Everything in the listing below from the line containing "Double Rivet Bag" through the line containing "un escalier dans" must be repeated exactly; the remaining lines are not wanted.

--- DATA EXTRACTS ---
+ + +
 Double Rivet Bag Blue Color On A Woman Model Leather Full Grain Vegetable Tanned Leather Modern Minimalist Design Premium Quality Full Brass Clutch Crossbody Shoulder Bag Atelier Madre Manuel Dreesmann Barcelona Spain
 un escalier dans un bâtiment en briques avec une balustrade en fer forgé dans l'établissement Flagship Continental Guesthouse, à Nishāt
+ + +
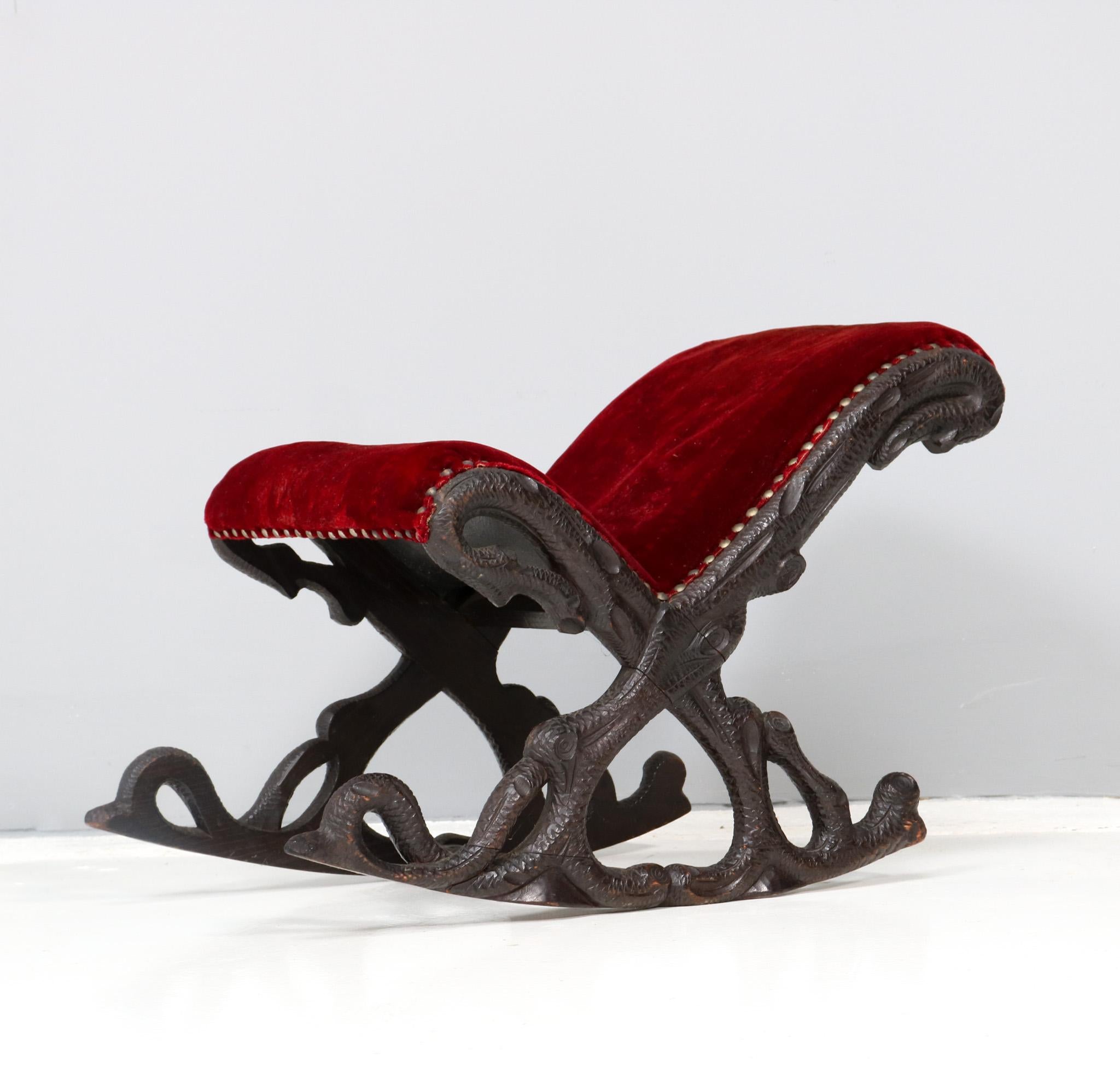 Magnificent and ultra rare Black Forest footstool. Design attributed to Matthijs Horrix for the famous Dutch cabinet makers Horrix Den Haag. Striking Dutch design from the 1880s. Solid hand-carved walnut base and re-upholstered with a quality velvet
+ + +
--- RESPONSE TO THE TASK ---
 Double Rivet Bag Blue Color On A Woman Model Leather Full Grain Vegetable Tanned Leather Modern Minimalist Design Premium Quality Full Brass Clutch Crossbody Shoulder Bag Atelier Madre Manuel Dreesmann Barcelona Spain
 un escalier dans un bâtiment en briques avec une balustrade en fer forgé dans l'établissement Flagship Continental Guesthouse, à Nishāt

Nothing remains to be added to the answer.